ESRI Shape Output (v.out.shape) !

Thu May 18 10:16:57 EDT 2000

"Eric G . Miller" wrote:
> 
> On Wed, May 17, 2000 at 01:56:42PM -0700, Rich Shepard wrote:
> <snipped>
> >   I'm starting to design the MI<->GRASS filters from the MI side. I'll be
> > very happy to use your code to get the data into GRASS once I get it out of
> > MI, or vice-versa. No sense re-inventing the wheel, as you noted.
> >
> >   The MI file format is very well documented and is easy to parse into data
> > structures. The trick -- for me at least -- is understanding the GRASS data
> > structures so I can put the right values in the proper files.
> >
> >   The other hang up is my understanding of the "arc-node" format in
> > practical terms. A MI region (polygon) is a list of nodes with the first and
> > last nodes having identical values. I've no idea how to separate this one
> > line into meaningful segments (arcs) for input into GRASS. I'm certainly
> > open to ideas, thoughts or solutions, for I've never had to deal with this
> > before.
> 
> This is part of the drag of both the shapefile and mif formats.  Here's
> how ESRI itself deals with the problem in ARC/INFO -- it imports
> polygons (and lines?) as "regions".  Then the data has to be
> built/cleaned.  The problem with these "tuple" style formats is they
> don't "share" data between objects.  They're essentially vector
> graphics.  The arc-node idea is everything is a remapping of
> relationships of points.  A line segment is a remapping of a start node,
> a series of vertices and an end node. Polygons are mappings of line
> segments (arcs) -- minimum of 3.  So a particular node can be shared by
> multiple objects, and the same for a particular arc (or edge).  Note, a
> node has a particular definition as having at least 3 connecting line
> segments.  To get around that, there's a concept of a "psuedo node" to
> handle the cases of island/hole polygons and lines that don't terminate
> at a junction with another line (such as a cul-de-sac).  The problem is
> the shapefile or mif can have overlapping polygons, unsplit line
> segments and other such no-no's (I don't know if MapInfo has an idea of
> cleaning data, but ArcView sure doesn't).

Eric

If I may contribute my own 2 euro to these points, as I have actually
been working with them:-

That is very interesting. It is in essence how I dealt with the
shapefile import. It's fairly inuitive really, once you've dived
into the problem, and had a few bum steers. A vertex base is built
using a standard database structure ( = ~SDTS `network' ) which stores
all the vertices and links. Arcs are created by tracking from one
node to another, nodes defined as having other than 2 links. Finding
area points is fun (99.99% accurate now), but quite slippery. A
second pass picks out the simple islands.

> 
> While it's a bit of work, you could check for errors such as sliver
> polygons, unsnapped nodes, etc. in the conversion.  When such errors are
> within a suitable tolerance, you could correct them without warning.  If
> they're greater than the tolerance (such as large slivers), you could
> create a new polygon with a bogus category value and warn the user that
> the data contains slivers.  But this may be more work than you want to
> do (grass's v.support/v.digit can help the user with this).

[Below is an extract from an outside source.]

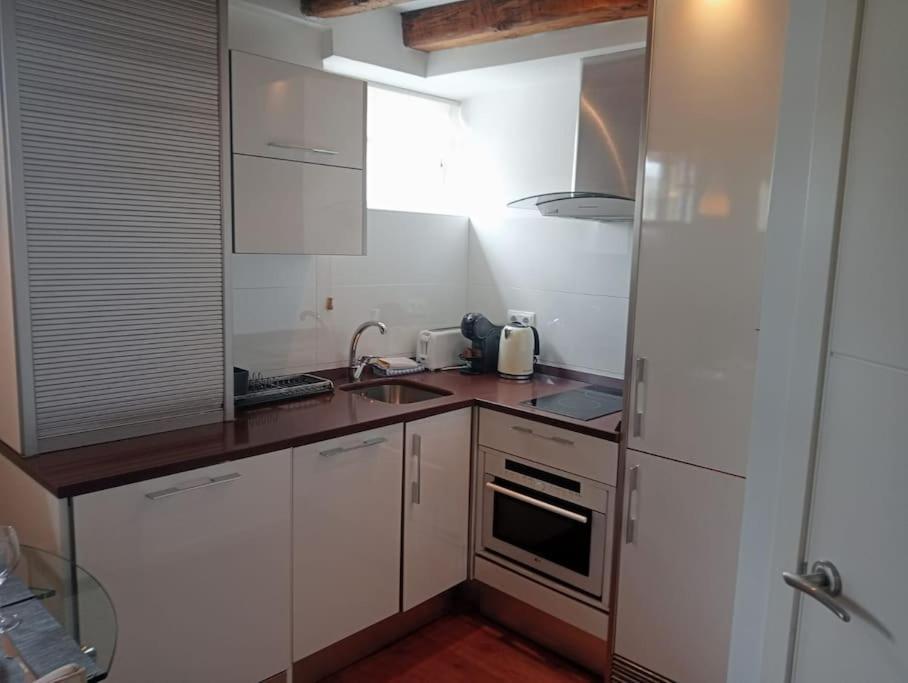 Emblematic Flat In - Arenal Appartement Madrid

This is done also - partially. The version in CVS has support for a user
defined snap distance. The latest upgrade, which is finished and now
being
debugged, not yet in CVS, has a colinearity (sliver) tolerance at
nodes which is also user defined. A future revision will have a `reject'
file associated with each imported map that will indicate problem areas
(and can be used as an overlay in v.digit, allowing manual corrections).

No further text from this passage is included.